# Flavored JAOM



## wineforfun (Feb 6, 2013)

Has anyone use the JAOM recipe and substituted other fruit for the oranges and cinammon? Say like a vanilla bean and raspberries? 
It was such a simple recipe to use that I just wanted to make a variation.


----------



## Arne (Feb 6, 2013)

If it comes out good, let everybody know what you did for sure. I know you are going to try it anyway so keep good notes on it for future reference. Arne.


----------



## wineforfun (Feb 8, 2013)

haha
You are figuring me out Arne.

As soon as my JAOM is ready to bottle, I will try the "variation".


----------



## mmadmikes1 (Feb 10, 2013)

I put vanilla beans in every mead I make and Raspberry is the best of all. Best mead I make is Raspberry /vanilla. I make 1 batch a year(6 gallon)


----------



## wineforfun (Feb 11, 2013)

mmadmikes1 said:


> I put vanilla beans in every mead I make and Raspberry is the best of all. Best mead I make is Raspberry /vanilla. I make 1 batch a year(6 gallon)



Regular mead or the JAOM?


----------



## botigol (Feb 16, 2013)

My JAOM is still going, but a couple of times I have come very close to starting a variation with blackberry. I will do it at some point, just haven't yet. If you search in the GotMead forums for 'JAOM Variant' or look for posts from ChevetteGirl, you will find several recipes. Blackberry and raspberry JAOM variants seem to be the favorites.
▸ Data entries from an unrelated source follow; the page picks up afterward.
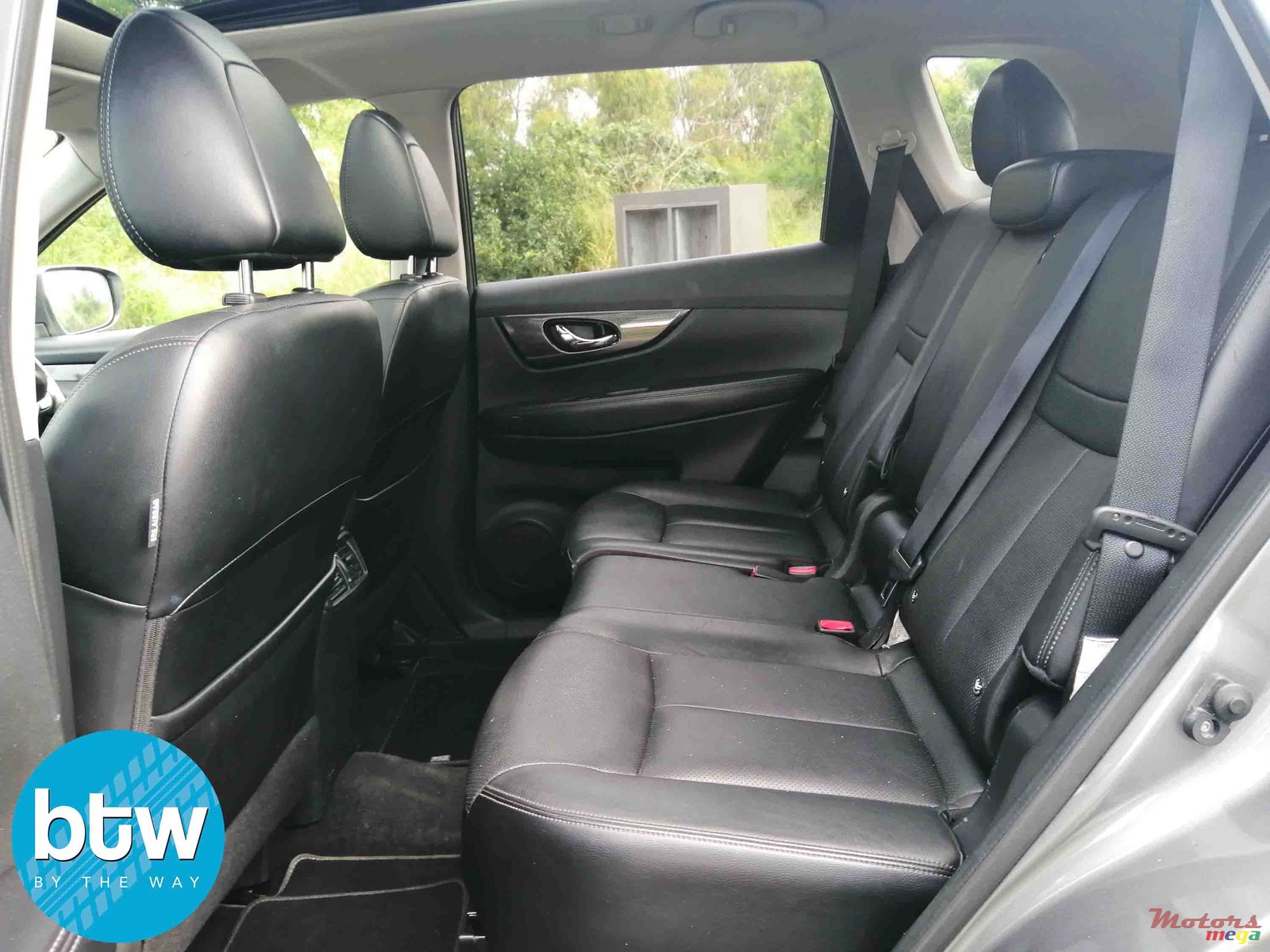 2015' Nissan X-Trail photo #4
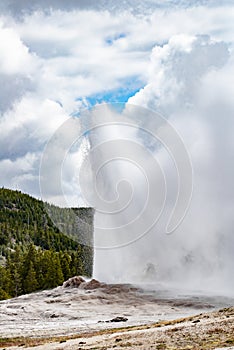 Old faithful yellowstone national park wyoming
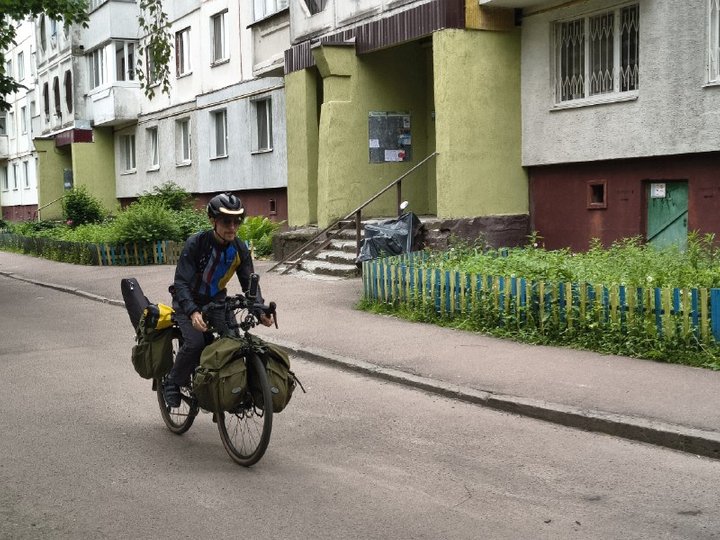 Американець на велосипеді їде з Варшави до Києва: у Житомирі зупинився мандрівник Калеб Берг Американець на велосипеді їде з Варшави до Києва: у Житомирі зупинився мандрівник Калеб Берг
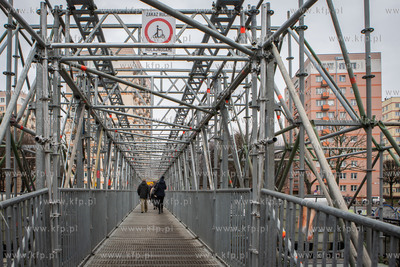 Gdańsk. Trwa przebudowa Mostu Stągiewnego. Nz. Kładka...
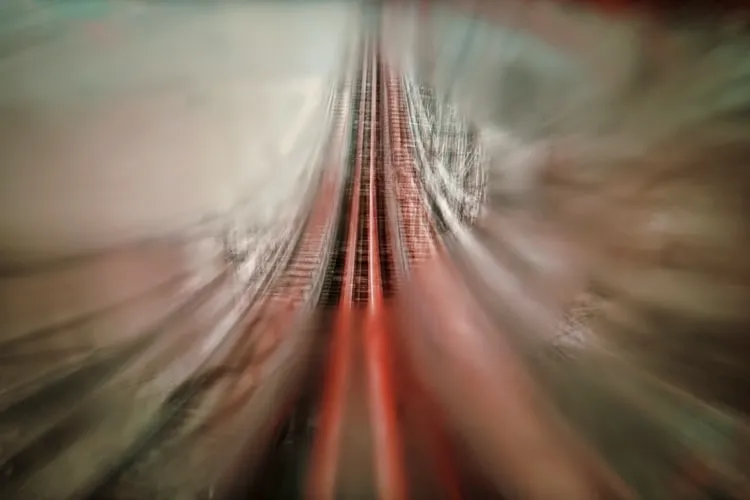Waspada, ini 5 Gejala Vertigo yang Paling Sering Dirasakan. Beda dengan Sakit Kepala Biasa 7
I have also seen a number with vanilla.


----------



## ckassotis (Feb 16, 2013)

I did one last year with apples and pears that I personally enjoyed more than the orange version.


----------



## Polarhug (Feb 17, 2013)

I just started a 3-gallon Blood Orange "JAOM" today. Used 5 blood oranges in sections + the zest. (no pith) and 1 naval orange, 2 cinnamon sticks, 2 cloves. I plan on adding a vanilla bean after fermentation when I rack it off. I will let you know how it goes!

*edit* I wish it had a pinker color... but it doesn't. I may add some red juice concentrate just for looks later on


----------



## wineforfun (Mar 20, 2013)

ckassotis said:


> I did one last year with apples and pears that I personally enjoyed more than the orange version.



I started this same one. Has another month or so to go before bottling. Sure smells good.


----------